■ Problem
Leave out all images and set down the records exactly as given.

■ Data excerpts
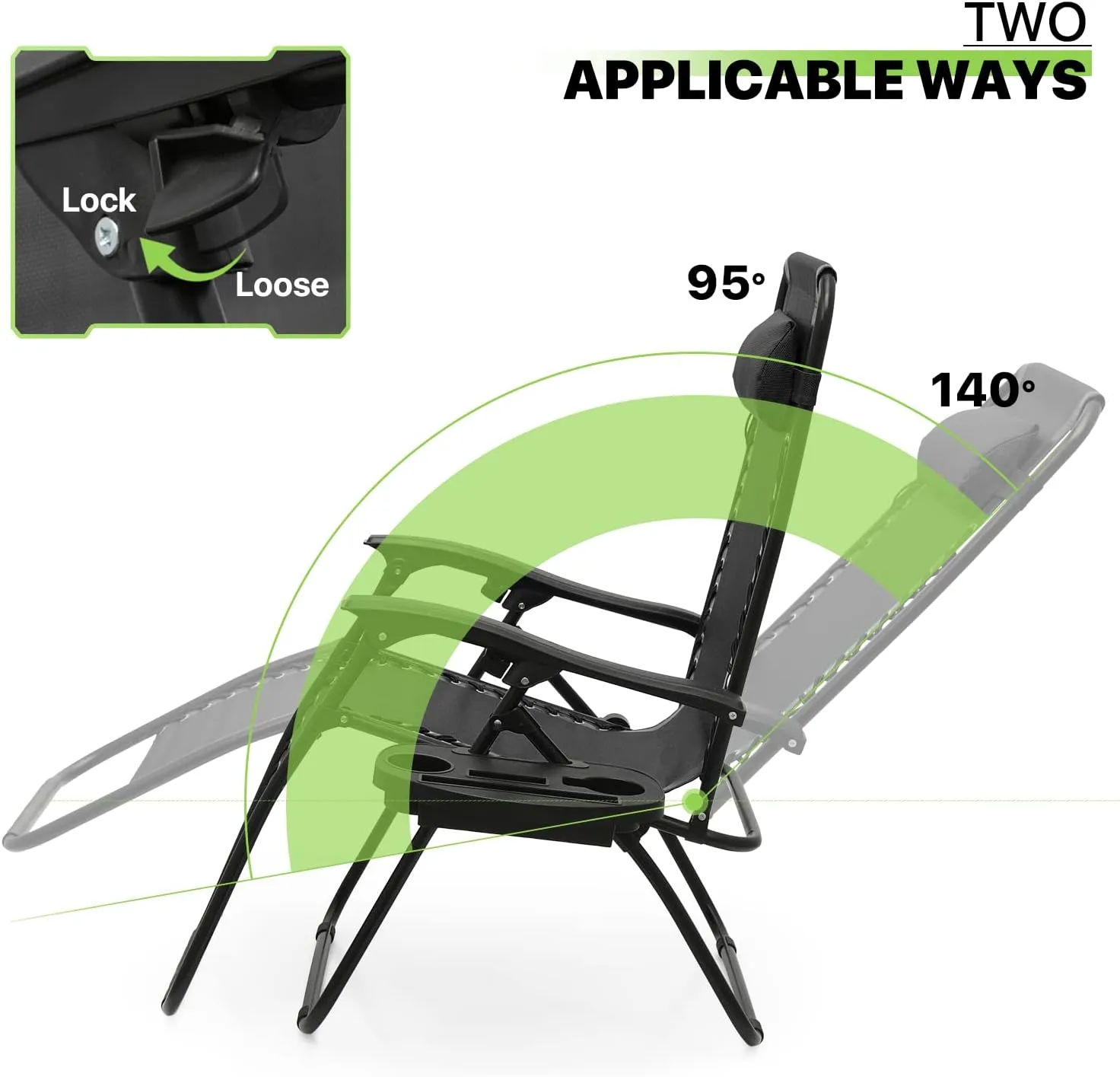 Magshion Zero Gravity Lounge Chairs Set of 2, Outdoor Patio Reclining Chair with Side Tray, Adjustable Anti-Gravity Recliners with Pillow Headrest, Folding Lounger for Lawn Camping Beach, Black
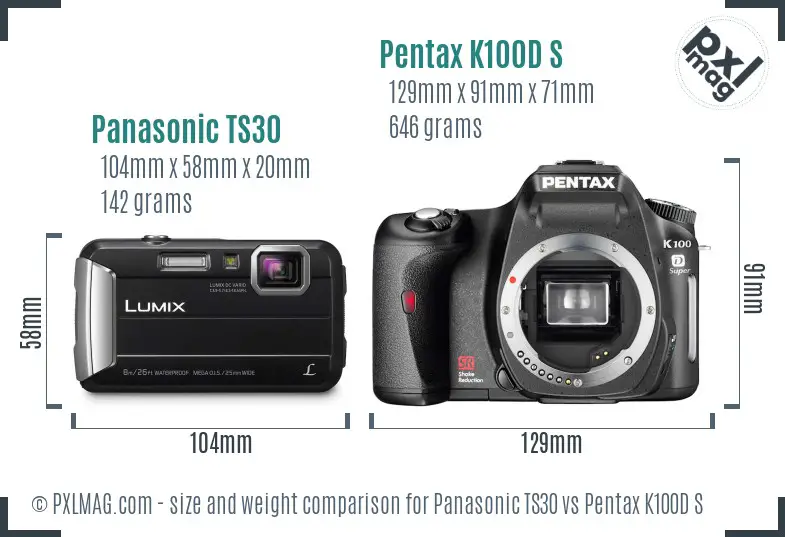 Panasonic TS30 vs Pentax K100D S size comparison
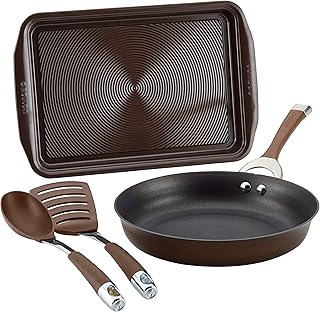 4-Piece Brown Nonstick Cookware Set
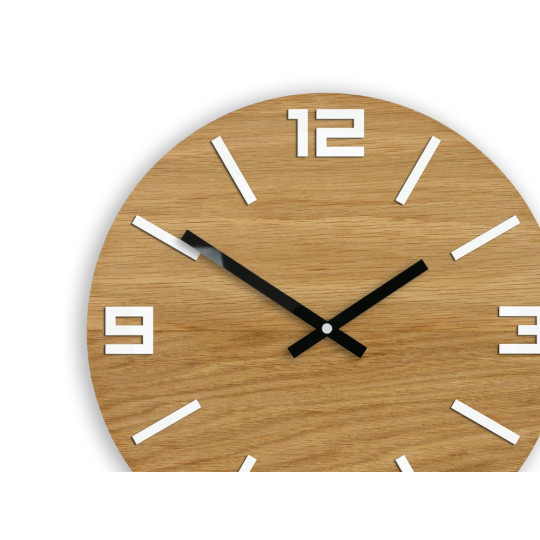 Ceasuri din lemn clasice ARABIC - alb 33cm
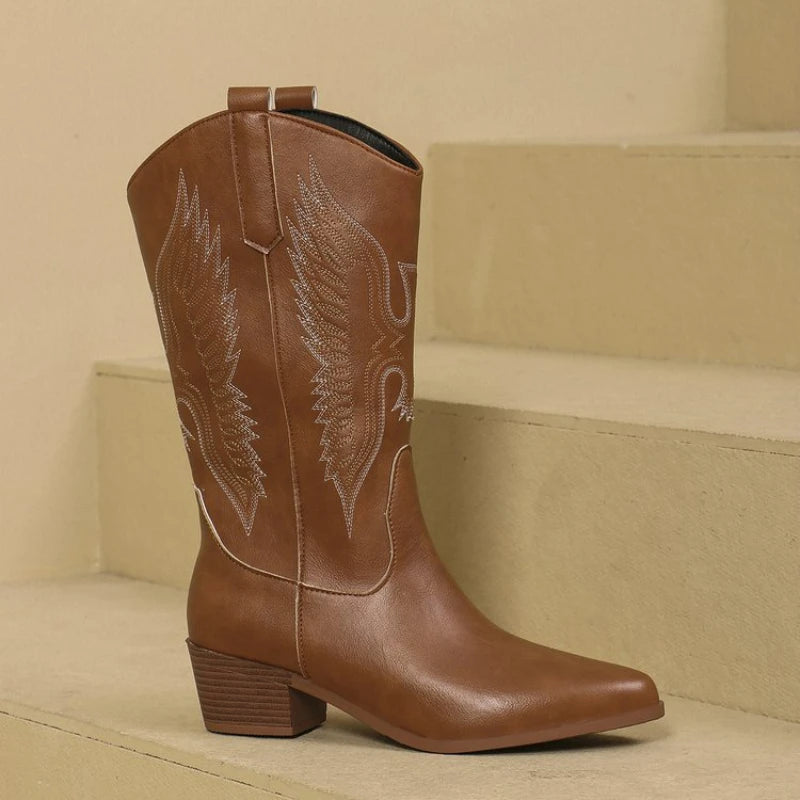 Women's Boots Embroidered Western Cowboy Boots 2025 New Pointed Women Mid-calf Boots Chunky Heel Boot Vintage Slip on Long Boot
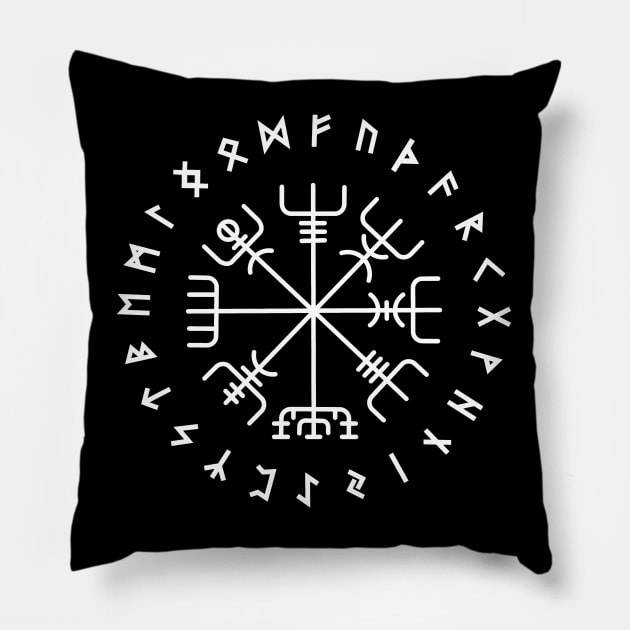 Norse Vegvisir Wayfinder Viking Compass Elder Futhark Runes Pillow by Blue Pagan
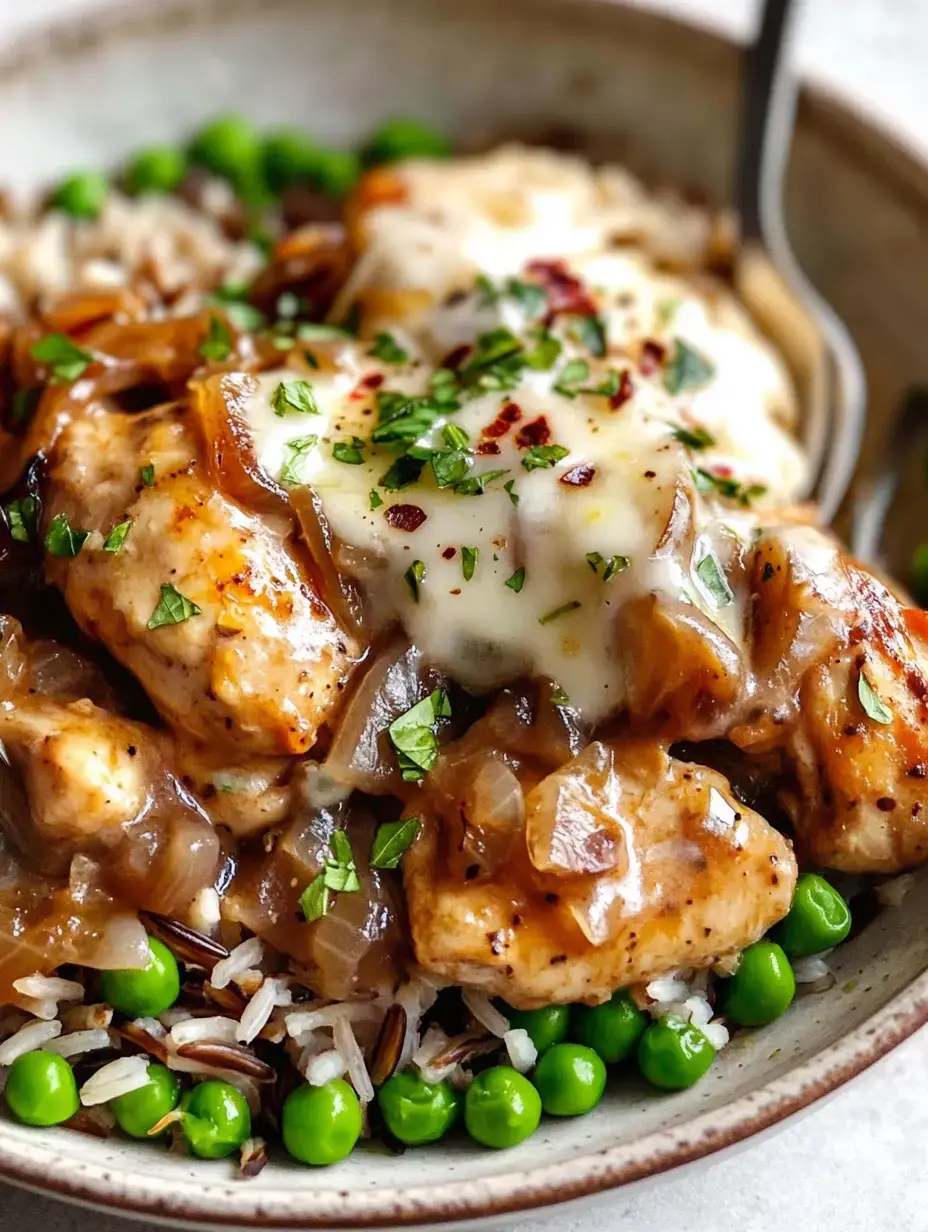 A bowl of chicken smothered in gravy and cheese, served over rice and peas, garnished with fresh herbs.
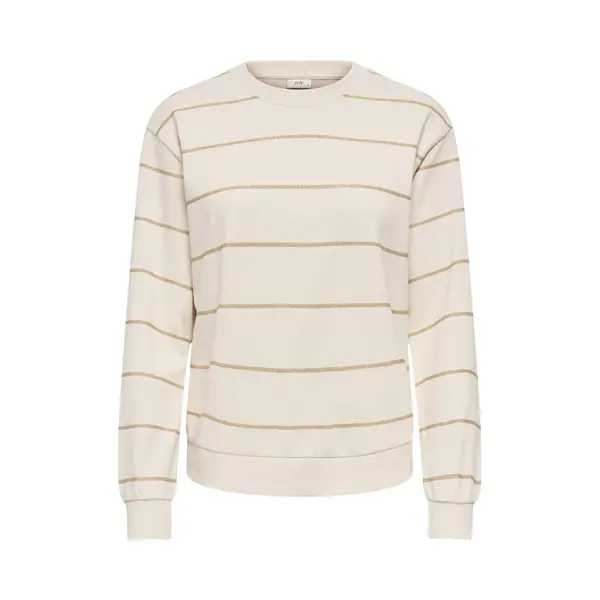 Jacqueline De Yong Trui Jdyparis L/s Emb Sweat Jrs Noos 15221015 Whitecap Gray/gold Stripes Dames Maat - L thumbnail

■ Solution for this exercise
 Magshion Zero Gravity Lounge Chairs Set of 2, Outdoor Patio Reclining Chair with Side Tray, Adjustable Anti-Gravity Recliners with Pillow Headrest, Folding Lounger for Lawn Camping Beach, Black
 Panasonic TS30 vs Pentax K100D S size comparison
 4-Piece Brown Nonstick Cookware Set
 Ceasuri din lemn clasice ARABIC - alb 33cm
 Women's Boots Embroidered Western Cowboy Boots 2025 New Pointed Women Mid-calf Boots Chunky Heel Boot Vintage Slip on Long Boot
 Norse Vegvisir Wayfinder Viking Compass Elder Futhark Runes Pillow by Blue Pagan
 A bowl of chicken smothered in gravy and cheese, served over rice and peas, garnished with fresh herbs.
 Jacqueline De Yong Trui Jdyparis L/s Emb Sweat Jrs Noos 15221015 Whitecap Gray/gold Stripes Dames Maat - L thumbnail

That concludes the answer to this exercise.